- [Data]
"""

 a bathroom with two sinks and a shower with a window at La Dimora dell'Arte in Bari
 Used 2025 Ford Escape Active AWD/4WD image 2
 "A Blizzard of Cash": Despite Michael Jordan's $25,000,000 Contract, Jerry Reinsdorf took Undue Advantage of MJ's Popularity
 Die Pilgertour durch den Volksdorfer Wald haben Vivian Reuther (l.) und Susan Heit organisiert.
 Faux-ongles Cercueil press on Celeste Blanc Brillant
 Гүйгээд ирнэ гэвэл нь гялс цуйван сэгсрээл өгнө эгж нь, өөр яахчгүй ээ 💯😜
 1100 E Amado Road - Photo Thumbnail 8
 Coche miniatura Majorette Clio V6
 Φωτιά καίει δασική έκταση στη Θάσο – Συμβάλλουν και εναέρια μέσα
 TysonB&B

"""
"""

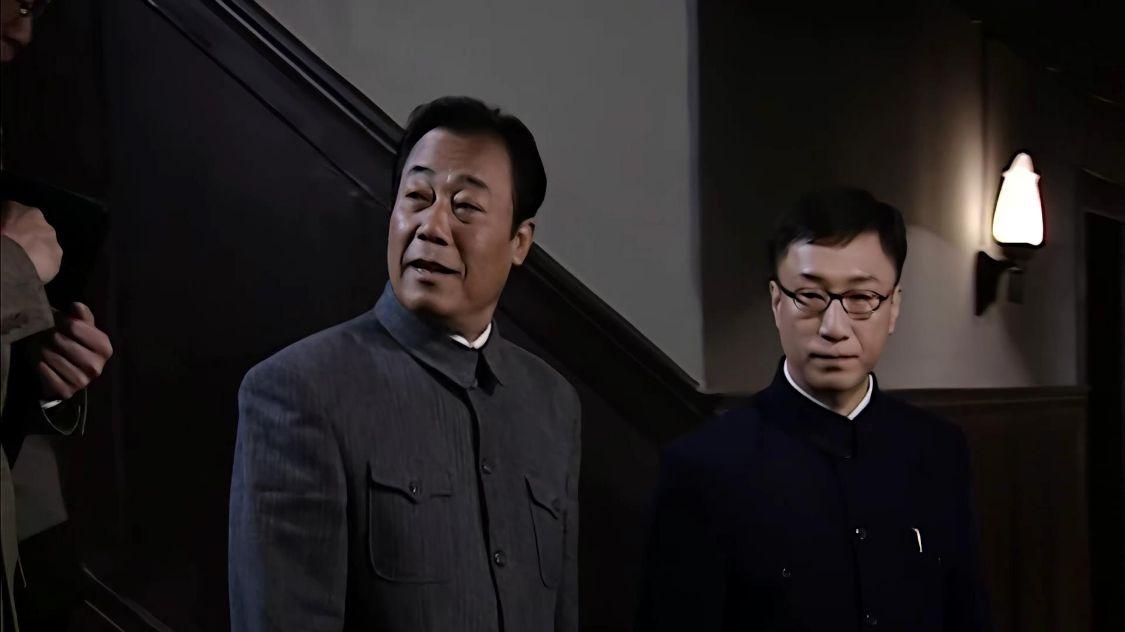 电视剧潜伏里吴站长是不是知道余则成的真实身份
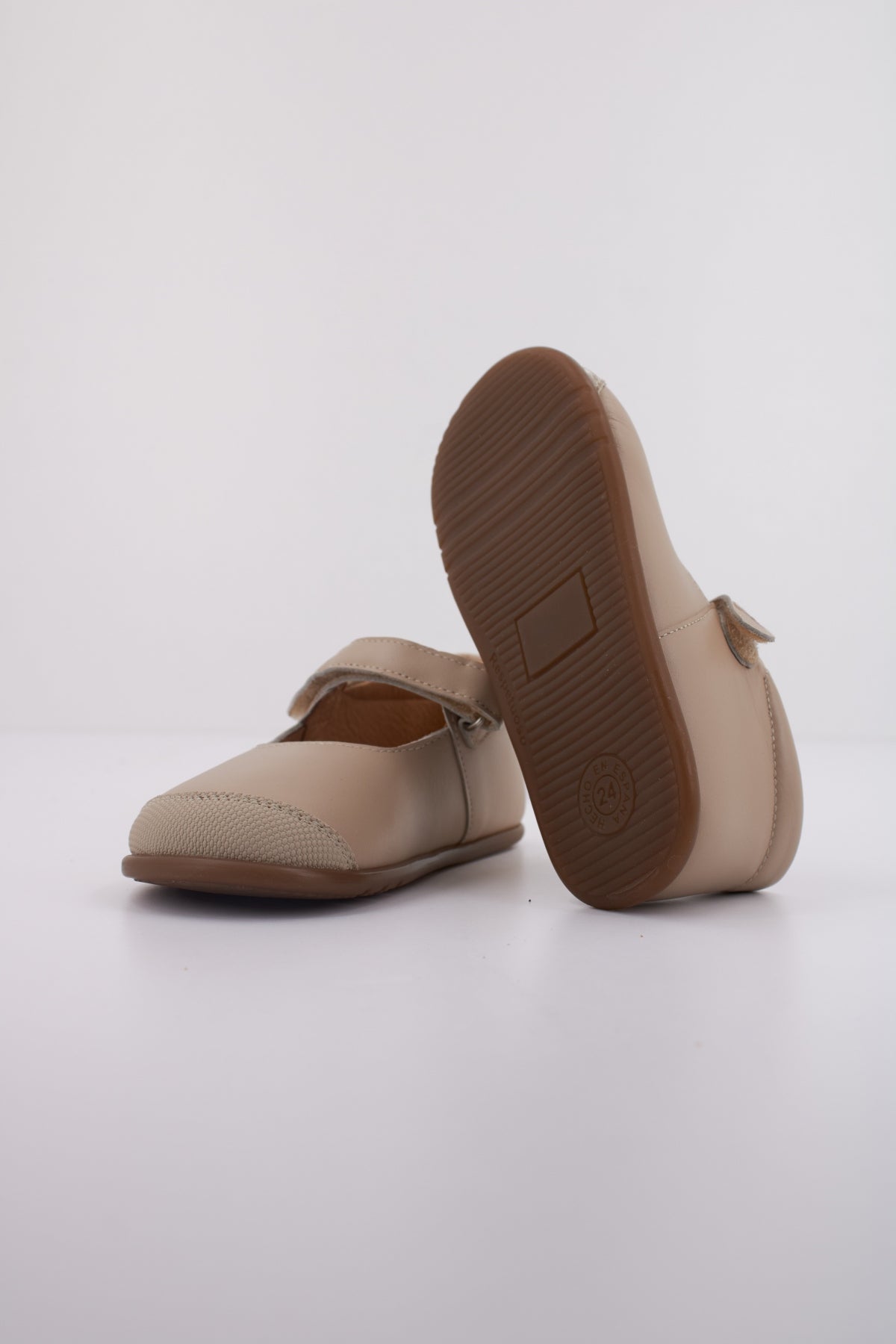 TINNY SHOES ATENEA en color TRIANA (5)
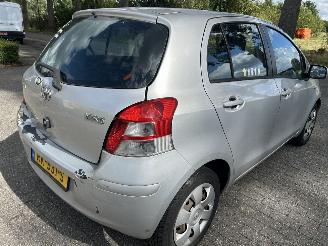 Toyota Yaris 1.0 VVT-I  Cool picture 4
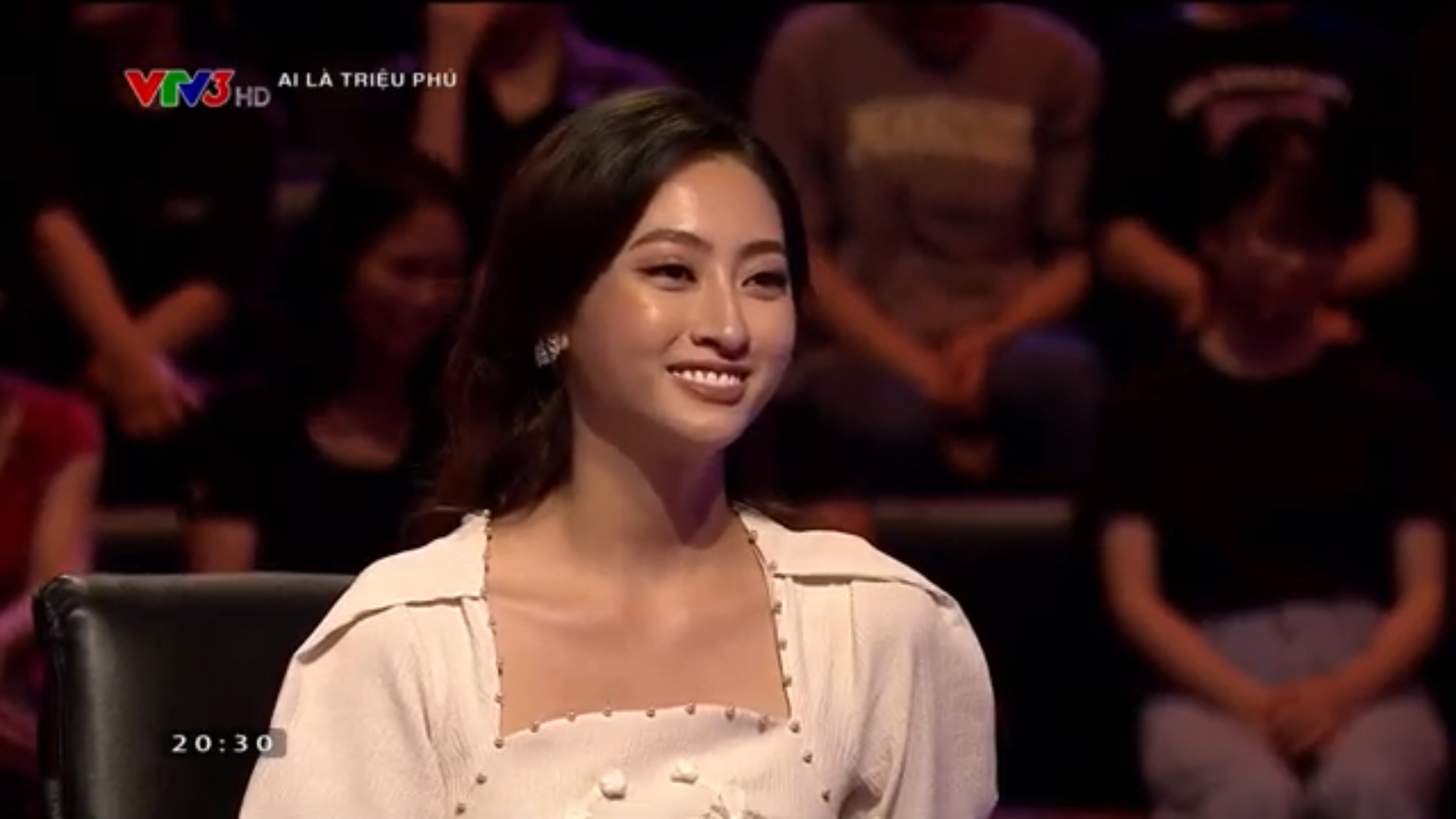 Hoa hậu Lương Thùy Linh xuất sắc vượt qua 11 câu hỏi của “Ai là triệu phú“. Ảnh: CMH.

"""
"""

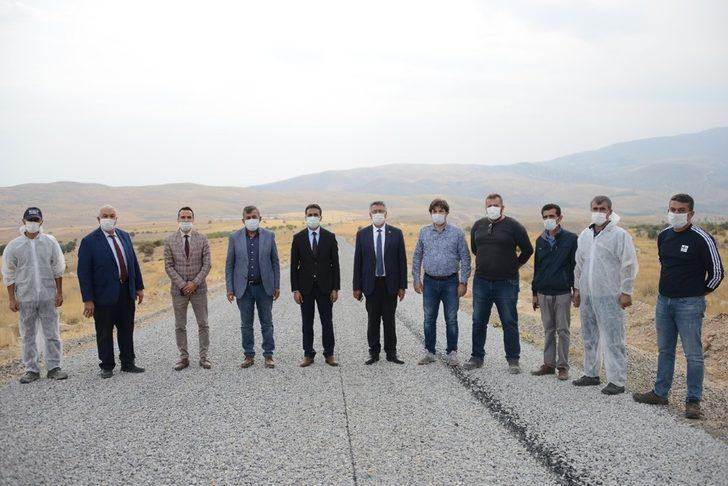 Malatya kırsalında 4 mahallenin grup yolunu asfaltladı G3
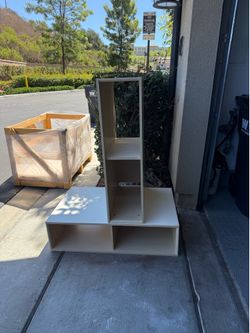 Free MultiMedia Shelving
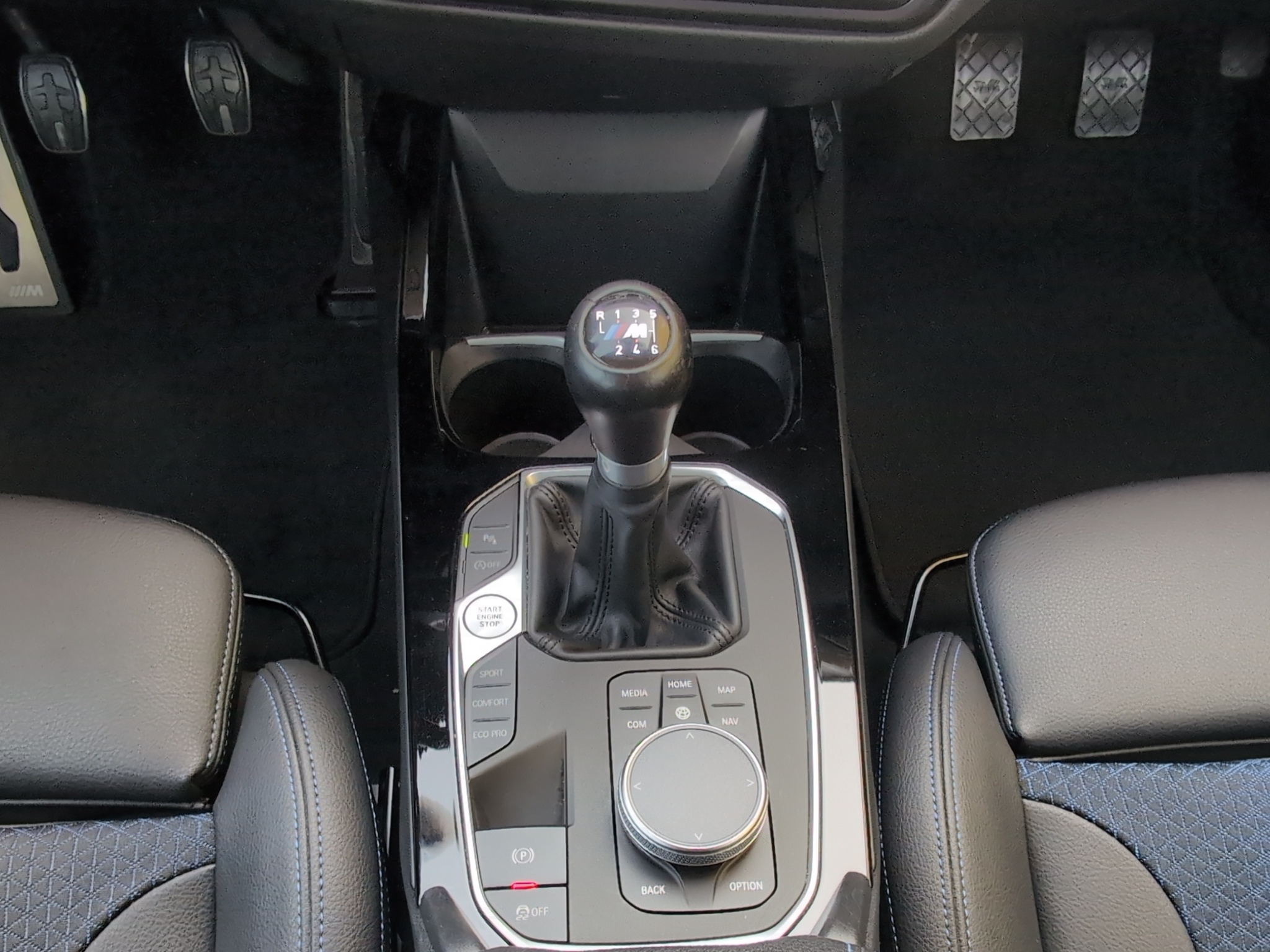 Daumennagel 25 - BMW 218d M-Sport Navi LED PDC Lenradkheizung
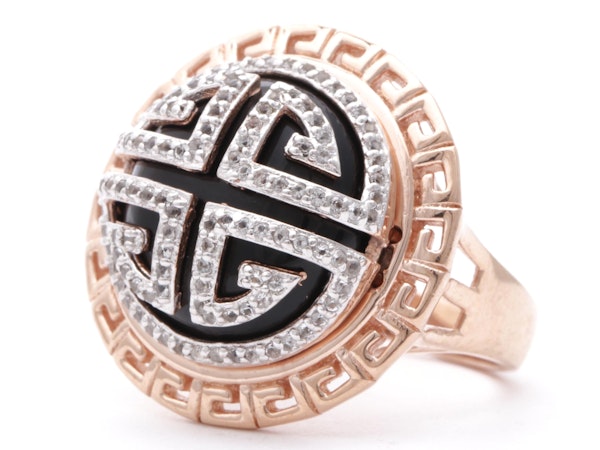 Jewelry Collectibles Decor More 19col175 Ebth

"""

From the listing above, restate verbatim the lines running from the one with "Daumennagel 25 - BMW" through the one with "Jewelry Collectibles Decor", inclusive, but not the pictures.

- [Result below]
 Daumennagel 25 - BMW 218d M-Sport Navi LED PDC Lenradkheizung
 Jewelry Collectibles Decor More 19col175 Ebth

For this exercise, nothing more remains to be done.